Wir bleiben vor meinem Klassenzimmer stehen.
Tyler beugt sich herunter, drückt einen Kuss auf meinen Kopf—schnell und beiläufig, aber es lässt trotzdem etwas Warmes in meiner Brust aufgehen.
„Ich sehe dich um fünf“, sagt er.
„Um fünf“, wiederhole ich und salutierte spielerisch.
Dann dreht er sich um und geht weg, verschmilzt mit dem Strom der Schüler, sein Hoodie wippt zwischen den Rucksäcken und dem Geplapper und den abgenutzten Turnschuhen.

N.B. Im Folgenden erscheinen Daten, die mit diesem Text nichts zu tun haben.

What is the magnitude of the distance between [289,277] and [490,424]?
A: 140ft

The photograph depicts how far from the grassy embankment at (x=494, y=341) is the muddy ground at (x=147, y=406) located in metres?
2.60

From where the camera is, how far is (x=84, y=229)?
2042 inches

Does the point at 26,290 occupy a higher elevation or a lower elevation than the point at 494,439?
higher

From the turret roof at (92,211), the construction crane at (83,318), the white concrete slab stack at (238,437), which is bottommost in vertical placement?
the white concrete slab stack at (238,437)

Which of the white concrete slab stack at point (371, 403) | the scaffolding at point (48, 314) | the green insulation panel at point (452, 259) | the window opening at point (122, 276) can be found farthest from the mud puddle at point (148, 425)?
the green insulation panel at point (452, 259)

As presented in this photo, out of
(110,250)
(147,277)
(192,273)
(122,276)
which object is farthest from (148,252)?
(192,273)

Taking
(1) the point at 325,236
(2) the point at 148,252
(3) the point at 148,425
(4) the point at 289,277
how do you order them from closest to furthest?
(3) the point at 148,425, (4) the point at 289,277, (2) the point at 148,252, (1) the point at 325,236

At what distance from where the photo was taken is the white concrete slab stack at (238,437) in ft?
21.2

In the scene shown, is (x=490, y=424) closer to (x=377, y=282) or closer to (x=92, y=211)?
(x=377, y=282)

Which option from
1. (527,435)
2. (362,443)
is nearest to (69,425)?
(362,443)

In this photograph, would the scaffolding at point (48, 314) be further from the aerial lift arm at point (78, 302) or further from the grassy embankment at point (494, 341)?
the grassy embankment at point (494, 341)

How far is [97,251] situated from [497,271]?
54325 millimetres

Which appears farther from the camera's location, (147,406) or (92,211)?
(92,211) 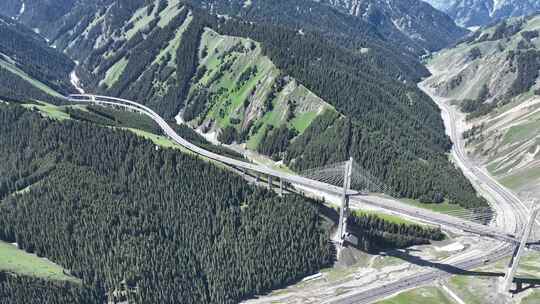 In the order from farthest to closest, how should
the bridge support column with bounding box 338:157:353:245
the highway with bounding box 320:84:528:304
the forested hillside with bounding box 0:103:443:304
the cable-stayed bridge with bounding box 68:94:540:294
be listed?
the bridge support column with bounding box 338:157:353:245, the cable-stayed bridge with bounding box 68:94:540:294, the highway with bounding box 320:84:528:304, the forested hillside with bounding box 0:103:443:304

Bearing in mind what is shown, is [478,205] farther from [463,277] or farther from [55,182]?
[55,182]

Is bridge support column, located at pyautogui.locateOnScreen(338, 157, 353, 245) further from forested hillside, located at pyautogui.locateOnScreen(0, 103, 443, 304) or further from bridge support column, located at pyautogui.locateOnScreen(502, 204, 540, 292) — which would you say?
bridge support column, located at pyautogui.locateOnScreen(502, 204, 540, 292)

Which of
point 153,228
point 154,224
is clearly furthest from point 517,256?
point 154,224

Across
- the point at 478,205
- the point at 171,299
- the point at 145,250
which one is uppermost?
the point at 478,205

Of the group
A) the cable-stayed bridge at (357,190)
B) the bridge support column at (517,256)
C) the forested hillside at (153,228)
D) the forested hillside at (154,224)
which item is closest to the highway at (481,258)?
the cable-stayed bridge at (357,190)

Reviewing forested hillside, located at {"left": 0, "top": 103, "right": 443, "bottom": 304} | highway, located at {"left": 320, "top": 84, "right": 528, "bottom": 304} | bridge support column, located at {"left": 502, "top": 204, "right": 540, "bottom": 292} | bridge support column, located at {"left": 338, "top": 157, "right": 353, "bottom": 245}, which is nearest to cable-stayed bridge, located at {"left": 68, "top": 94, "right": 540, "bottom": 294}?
bridge support column, located at {"left": 338, "top": 157, "right": 353, "bottom": 245}

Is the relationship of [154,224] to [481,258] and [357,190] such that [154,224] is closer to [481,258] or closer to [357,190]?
[357,190]

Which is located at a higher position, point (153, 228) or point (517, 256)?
point (517, 256)

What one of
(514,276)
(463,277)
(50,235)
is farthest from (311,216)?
(50,235) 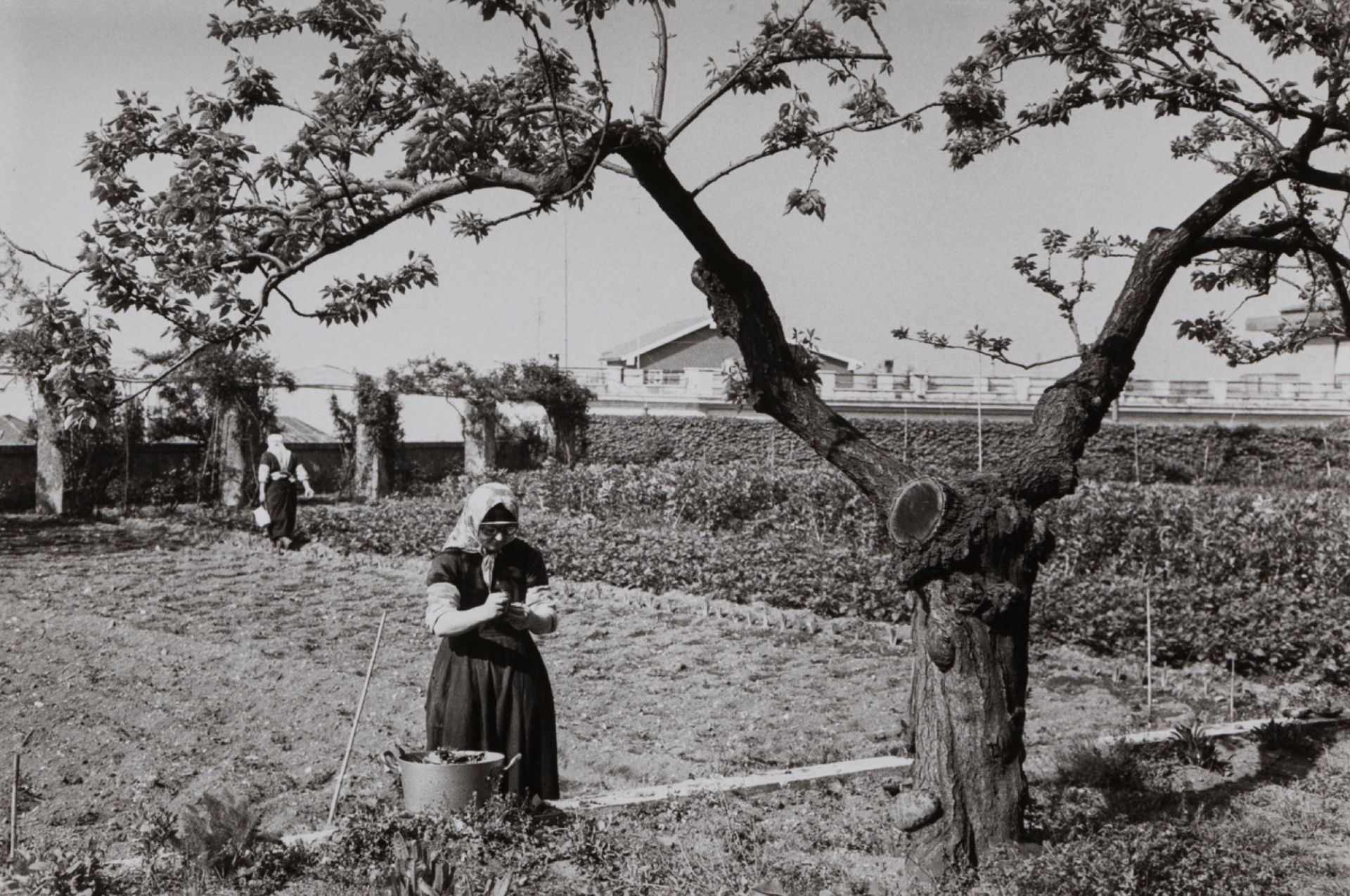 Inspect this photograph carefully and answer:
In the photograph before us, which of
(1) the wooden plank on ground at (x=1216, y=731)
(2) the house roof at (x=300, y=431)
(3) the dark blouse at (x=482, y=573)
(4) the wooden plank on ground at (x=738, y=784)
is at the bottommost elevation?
(1) the wooden plank on ground at (x=1216, y=731)

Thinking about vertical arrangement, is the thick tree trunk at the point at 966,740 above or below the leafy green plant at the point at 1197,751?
above

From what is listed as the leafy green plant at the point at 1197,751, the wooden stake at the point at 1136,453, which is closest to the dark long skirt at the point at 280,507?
the leafy green plant at the point at 1197,751

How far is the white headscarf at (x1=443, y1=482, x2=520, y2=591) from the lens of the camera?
15.3ft

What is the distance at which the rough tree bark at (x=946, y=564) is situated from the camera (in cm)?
430

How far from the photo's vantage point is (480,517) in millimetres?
4652

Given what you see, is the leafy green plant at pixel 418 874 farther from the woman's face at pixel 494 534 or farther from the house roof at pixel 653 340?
the house roof at pixel 653 340

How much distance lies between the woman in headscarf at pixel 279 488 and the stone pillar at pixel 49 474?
6.57 metres

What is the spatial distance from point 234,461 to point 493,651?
57.9 feet

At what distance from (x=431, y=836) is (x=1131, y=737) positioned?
4.03 meters

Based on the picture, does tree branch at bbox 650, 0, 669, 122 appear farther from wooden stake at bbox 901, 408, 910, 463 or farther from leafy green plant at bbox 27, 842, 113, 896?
wooden stake at bbox 901, 408, 910, 463

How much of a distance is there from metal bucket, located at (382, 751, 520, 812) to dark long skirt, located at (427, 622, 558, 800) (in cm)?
37

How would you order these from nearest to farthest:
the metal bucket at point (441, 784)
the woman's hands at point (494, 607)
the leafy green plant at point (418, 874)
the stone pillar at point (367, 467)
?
the leafy green plant at point (418, 874), the metal bucket at point (441, 784), the woman's hands at point (494, 607), the stone pillar at point (367, 467)

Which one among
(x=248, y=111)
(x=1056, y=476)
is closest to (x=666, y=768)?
(x=1056, y=476)

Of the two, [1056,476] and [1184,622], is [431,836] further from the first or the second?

Ich sehe ihm einen Moment lang nach.
Nicht, weil ich ihm nicht vertraue.
Nicht, weil ich mir Sorgen mache.
Einfach nur, weil... es schön ist. Jemanden zu haben, auf den man warten kann. Jemanden zu haben, der auf dich wartet.
Ich schüttle das Gefühl ab und gehe in meinen nächsten Unterricht, gerade bevor die Glocke läutet.